Maximum Likelihood Estimators

With Maximum Likelihood Estimator (MLE) problems, a parametric distribution is named, one or more of it’s parameter values are unknown, a set of data from this distribution is given, and you’re asked to find the parameter values that maximize the probability of observing the data.  You do this by brute force.  For each data point, you express the probability of observing it, which is simply the density function of whatever named distribution was given in the problem.  The probability of observing the whole set of data is simply the product of the probability of each data point.  If there are lots of data points, you end up with a massive function.

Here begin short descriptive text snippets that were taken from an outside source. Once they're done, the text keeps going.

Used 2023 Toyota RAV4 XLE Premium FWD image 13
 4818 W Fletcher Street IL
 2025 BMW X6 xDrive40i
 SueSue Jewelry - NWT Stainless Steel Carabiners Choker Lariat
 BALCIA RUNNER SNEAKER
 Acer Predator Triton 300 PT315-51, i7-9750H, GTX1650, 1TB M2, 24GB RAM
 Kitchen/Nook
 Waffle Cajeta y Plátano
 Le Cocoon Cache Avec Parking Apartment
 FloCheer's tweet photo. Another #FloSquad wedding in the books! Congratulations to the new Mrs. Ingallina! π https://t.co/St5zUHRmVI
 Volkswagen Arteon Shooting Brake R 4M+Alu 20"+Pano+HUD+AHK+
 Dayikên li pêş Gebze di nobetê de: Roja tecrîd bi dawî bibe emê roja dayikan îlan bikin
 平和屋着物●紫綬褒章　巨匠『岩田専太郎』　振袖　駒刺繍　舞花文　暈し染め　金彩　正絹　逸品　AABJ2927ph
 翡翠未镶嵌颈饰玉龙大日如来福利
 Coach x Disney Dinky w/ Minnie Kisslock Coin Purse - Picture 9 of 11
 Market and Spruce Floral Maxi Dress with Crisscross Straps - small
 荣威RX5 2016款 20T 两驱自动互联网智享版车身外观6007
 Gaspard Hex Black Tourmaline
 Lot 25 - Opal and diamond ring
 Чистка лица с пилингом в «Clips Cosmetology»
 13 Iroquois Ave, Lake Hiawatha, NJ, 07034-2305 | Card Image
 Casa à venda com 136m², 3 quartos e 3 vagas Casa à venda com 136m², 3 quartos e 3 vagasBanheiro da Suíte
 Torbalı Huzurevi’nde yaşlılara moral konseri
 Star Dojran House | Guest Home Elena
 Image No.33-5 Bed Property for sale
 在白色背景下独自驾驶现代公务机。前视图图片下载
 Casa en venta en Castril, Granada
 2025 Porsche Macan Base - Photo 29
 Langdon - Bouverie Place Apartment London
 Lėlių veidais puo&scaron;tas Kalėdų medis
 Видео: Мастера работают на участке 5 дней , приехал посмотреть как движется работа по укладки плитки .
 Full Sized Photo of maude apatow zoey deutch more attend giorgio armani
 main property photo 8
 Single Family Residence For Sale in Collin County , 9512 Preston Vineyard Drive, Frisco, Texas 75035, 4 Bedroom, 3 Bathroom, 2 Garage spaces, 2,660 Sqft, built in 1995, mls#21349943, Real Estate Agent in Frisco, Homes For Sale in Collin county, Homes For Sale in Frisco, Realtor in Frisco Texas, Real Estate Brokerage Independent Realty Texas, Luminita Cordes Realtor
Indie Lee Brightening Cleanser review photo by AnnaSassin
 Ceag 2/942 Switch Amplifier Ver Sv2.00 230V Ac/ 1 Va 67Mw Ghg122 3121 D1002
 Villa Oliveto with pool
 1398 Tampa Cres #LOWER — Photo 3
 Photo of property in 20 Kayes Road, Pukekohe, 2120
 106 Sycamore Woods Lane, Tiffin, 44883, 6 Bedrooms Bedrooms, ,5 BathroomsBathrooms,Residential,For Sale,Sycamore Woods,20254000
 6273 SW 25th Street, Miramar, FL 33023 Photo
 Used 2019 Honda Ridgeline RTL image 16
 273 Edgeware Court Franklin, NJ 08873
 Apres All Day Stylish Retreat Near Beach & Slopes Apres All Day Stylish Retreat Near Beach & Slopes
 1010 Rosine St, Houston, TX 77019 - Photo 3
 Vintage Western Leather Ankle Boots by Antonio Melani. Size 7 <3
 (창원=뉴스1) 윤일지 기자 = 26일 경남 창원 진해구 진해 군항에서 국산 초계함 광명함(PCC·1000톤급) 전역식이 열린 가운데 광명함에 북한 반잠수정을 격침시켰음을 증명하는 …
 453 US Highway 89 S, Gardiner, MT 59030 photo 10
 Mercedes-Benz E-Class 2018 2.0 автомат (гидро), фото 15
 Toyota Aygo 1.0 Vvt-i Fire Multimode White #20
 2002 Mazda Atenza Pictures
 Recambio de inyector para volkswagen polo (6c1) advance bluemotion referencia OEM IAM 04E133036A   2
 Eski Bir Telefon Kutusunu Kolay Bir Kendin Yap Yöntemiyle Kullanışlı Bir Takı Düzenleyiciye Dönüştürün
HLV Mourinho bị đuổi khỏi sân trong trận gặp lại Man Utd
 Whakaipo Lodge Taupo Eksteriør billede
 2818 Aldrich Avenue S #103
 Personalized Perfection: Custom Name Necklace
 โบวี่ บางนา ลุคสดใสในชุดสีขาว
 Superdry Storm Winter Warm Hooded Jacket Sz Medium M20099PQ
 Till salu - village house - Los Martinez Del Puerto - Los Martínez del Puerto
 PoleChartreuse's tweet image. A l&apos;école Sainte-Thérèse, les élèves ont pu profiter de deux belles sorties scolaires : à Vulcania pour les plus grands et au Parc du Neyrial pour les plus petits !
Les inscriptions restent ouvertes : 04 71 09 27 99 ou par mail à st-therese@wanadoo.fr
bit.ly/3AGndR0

For example, the density function for N is given by:

f_N(n;\lambda) = \lambda e^{-\lambda n}

in which \lambda is the unknown parameter.  You are also given a set of observations a, b, c and you must find the value of \lambda which maximizes the probability of seeing these particular values.  The likelihood of seeing these values is given by L(\lambda):

L(\lambda) = \left( \lambda e^{-\lambda a}\right)\left( \lambda e^{-\lambda b}\right)\left( \lambda e^{-\lambda c}\right) = \lambda^3 e^{-\lambda (a+b+c)}

To find \lambda which maximizes this function, you take the derivative of it, set it equal to 0, and solve for \lambda.  If you’re looking a few steps ahead, you should realize that doing the maximization by brute force will be difficult.  To get around this, we can log the likelihood function then find the maximum.  This does not change the resulting value of \lambda.  The log likelihood l(\lambda) is then:

l(\lambda) = 3\ln(\lambda) -\lambda(a+b+c)

The derivative with respect to \lambda is

\displaystyle \frac{\delta}{\delta \lambda}l(\lambda) = \frac{3}{\lambda} - (a+b+c)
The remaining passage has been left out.